I'm not aware of a predictable way to ensure more of one sex of calf verses the other sex via natural service. Females are XX and Males are XY, so at each conception there is a 50 percent chance of a male or female calf.
Researchers have sought methods to sex semen for many years. In this research, they collect the bull and use a technique to separate the X and Y chromosomes. Following is an excerpt from an article from the 2003 Range Beef Cow Symposium on sexed semen:
There is a method that works under laboratory conditions. X-chromosome-bearing bull sperm, which lead to females, have about 4 percent more DNA than Y-chromosome-bearing ones, which lead to males. By placing sperm in a solution of DNA-binding dye, X-chromosome-bearing sperm become more brightly stained than Y-chromosome-bearing sperm.

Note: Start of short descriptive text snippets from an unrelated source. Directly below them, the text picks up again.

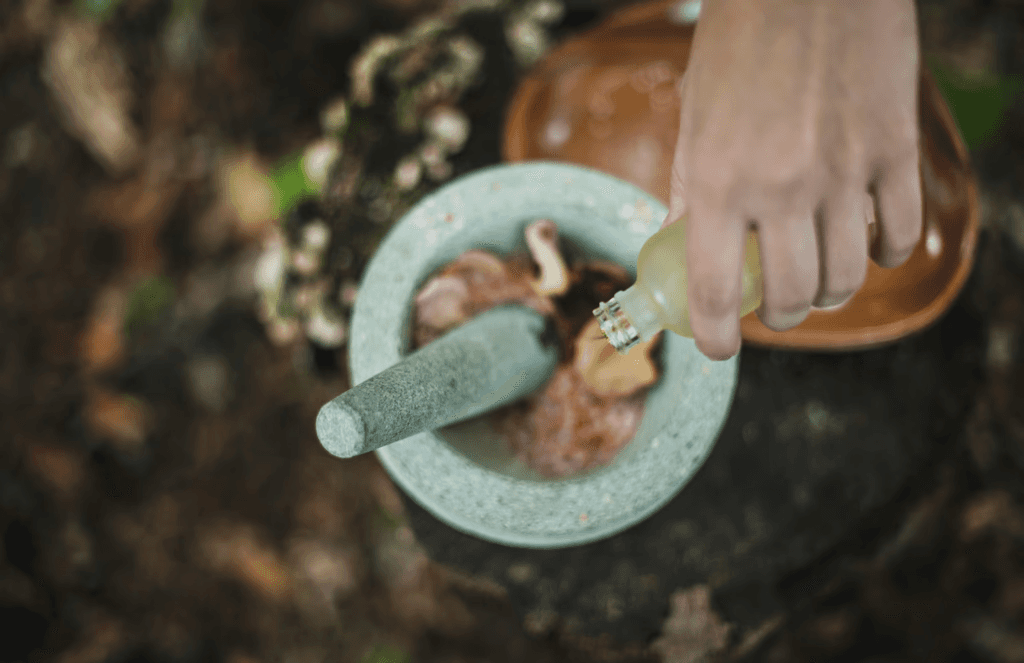 A hand using a pestle to grind ingredients in a stone mortar surrounded by nature.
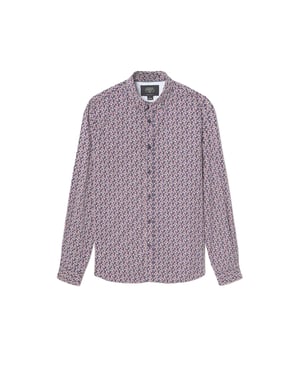 Le Temps Des Cerises Herrskjorta Floy mit rotem Blumenmuster
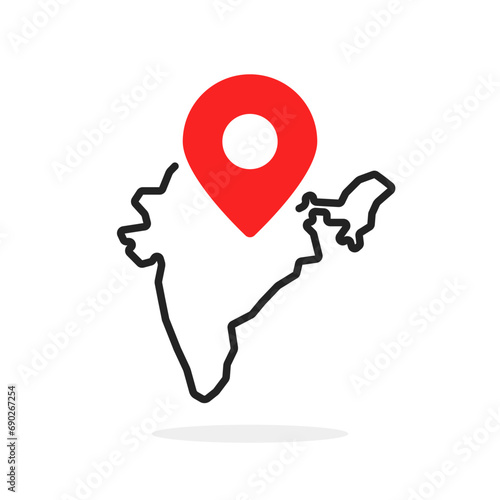 india map with red pin like travel icon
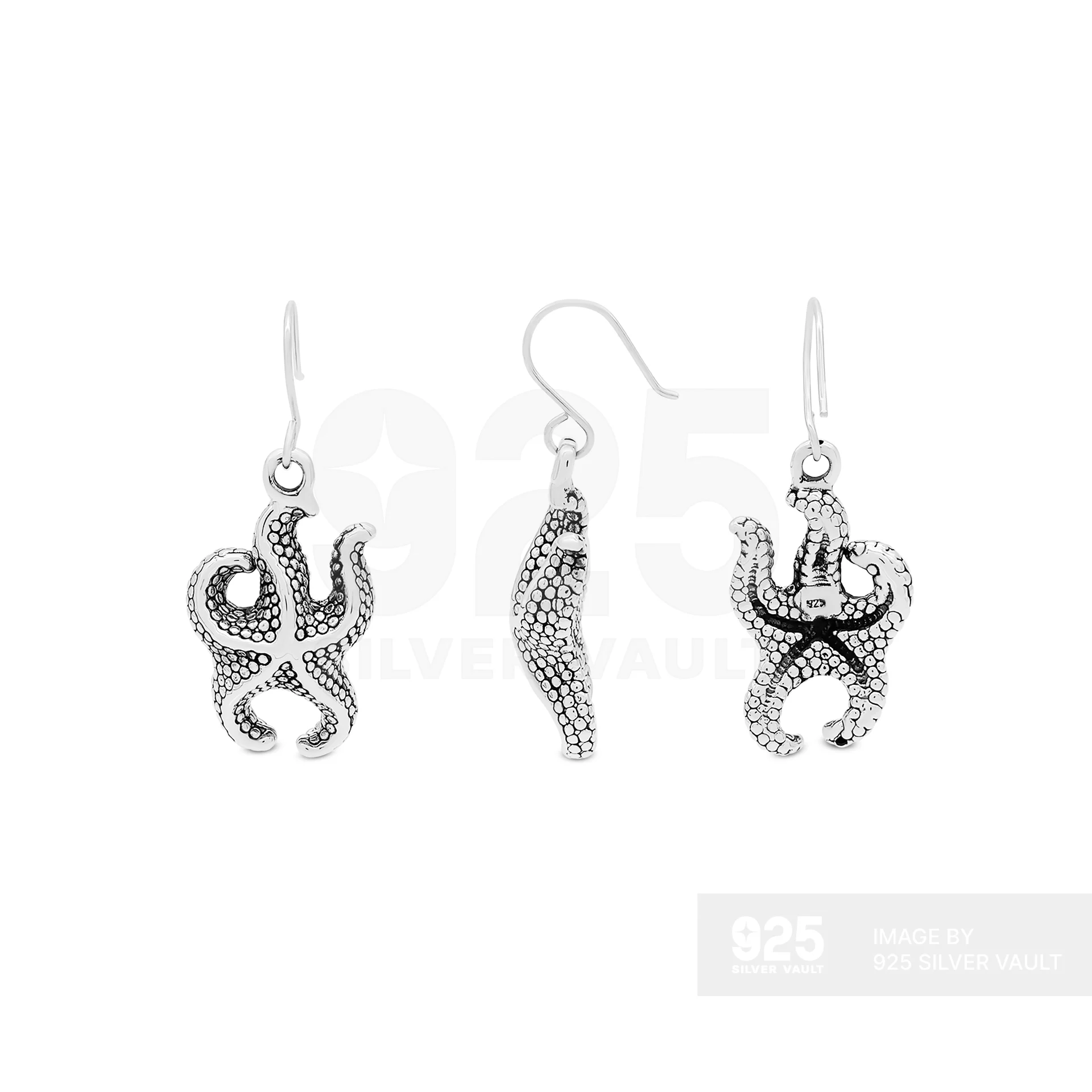 Textured Starfish Drop Earrings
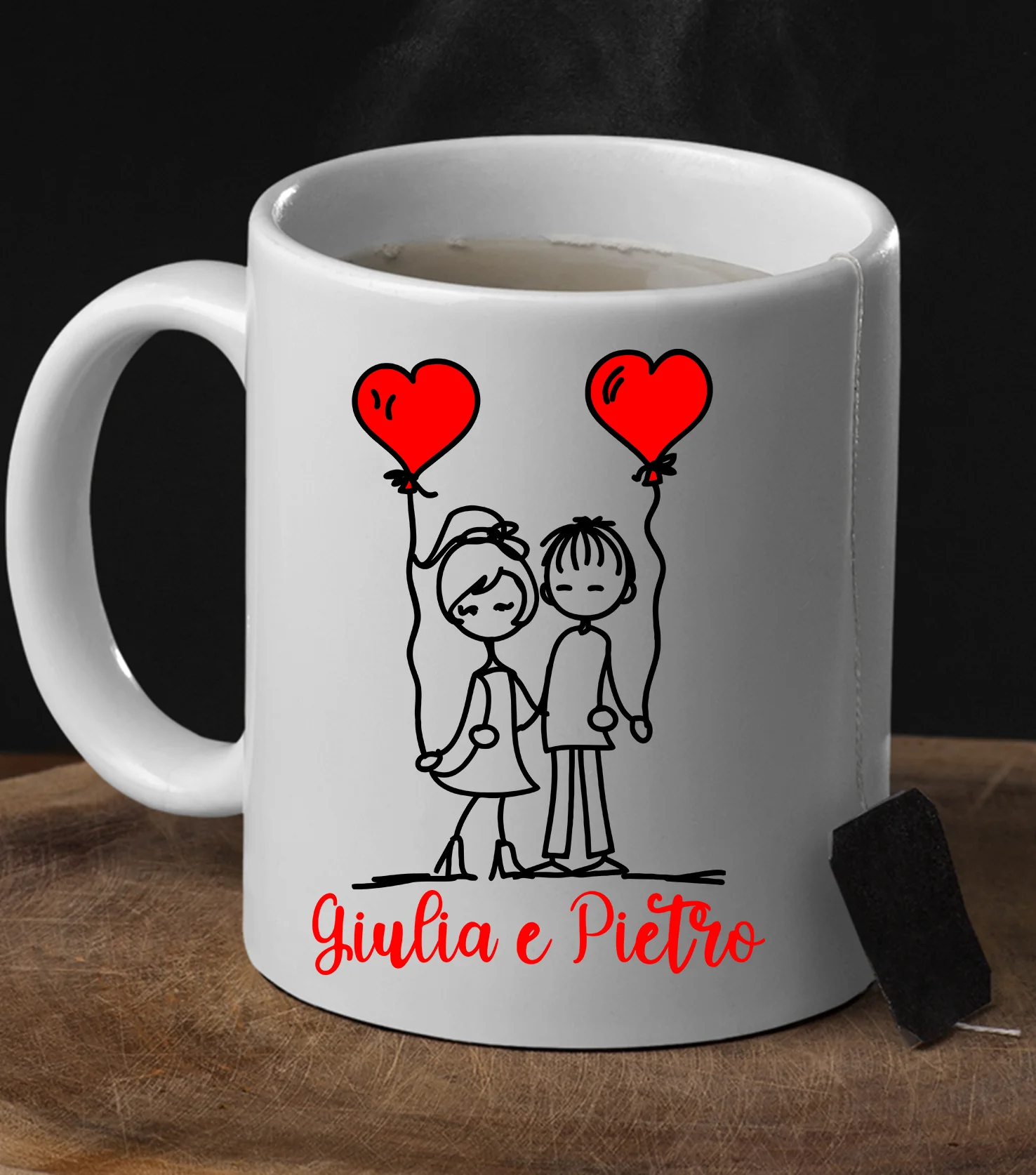 Tazza SanValentino Personalizzabile Palloncini Altalena personalizzabile con nome Love Innamorati Mug 11oz idea regalo - immagine 3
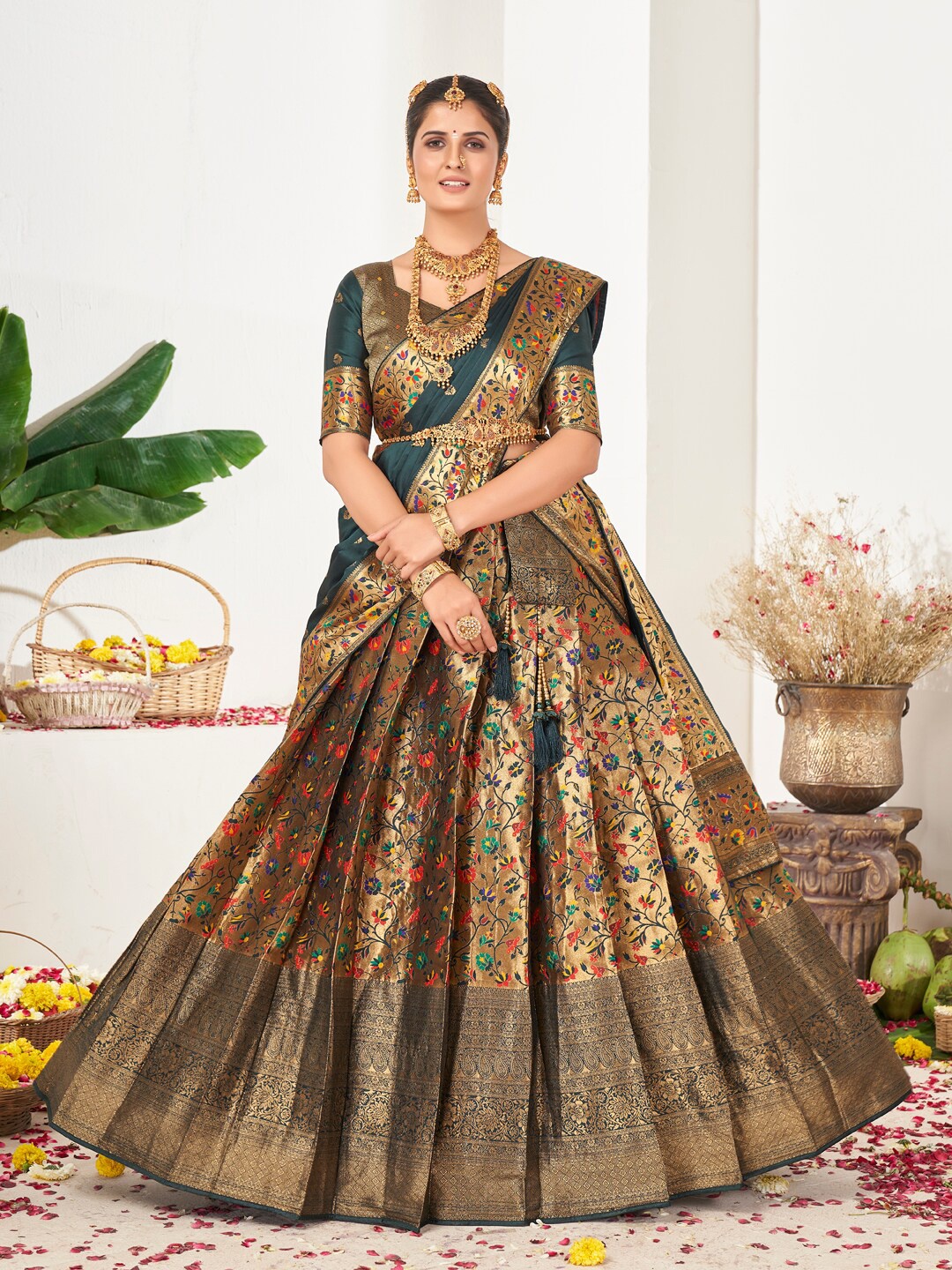 

SHOPGARB Gold-Toned & Green Semi-Stitched Lehenga & Unstitched Blouse With Dupatta
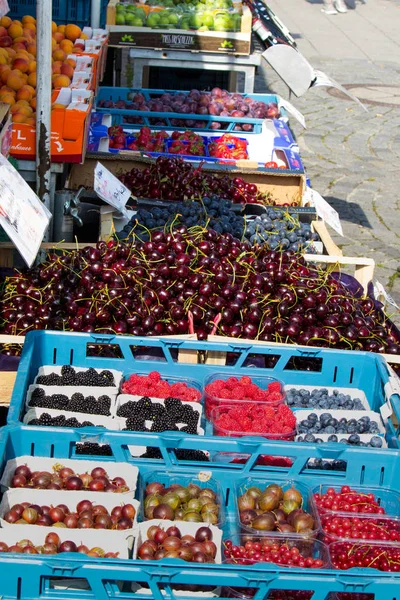 Fresh Red Cherries Background Close — Stock Photo, Image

By use of lasers plus a device called a cell sorter, it is possible to separate the sperm into three test tubes -- male, female, and unsexable, which is the majority. Those in the sexed test tubes accumulate at about 1,000 sperm per second, with an accuracy of just over 80 percent. Although 500 sperm per second of each sex is phenomenally rapid, in reality it is too slow to be practical for most purposes. For example, one straw of semen often contains 50 million sperm (30 million motile before freezing). At 500 sperm per second, it would take 100,000 seconds per straw or more than 24 hours to produce one dose of semen. The logistics of keeping sperm viable for such lengths of time at room temperature are considerable. The equipment is very expensive -- over $50,000 per setup -- and complicated to operate. Fertility probably would be lowered somewhat, and the long-term consequences of adding dye to DNA are unknown. However, procedures for sexing sperm have improved markedly over the next few years, and one practical application -- use of such sperm with in vitro fertilization, which requires few sperm -- may not be far off.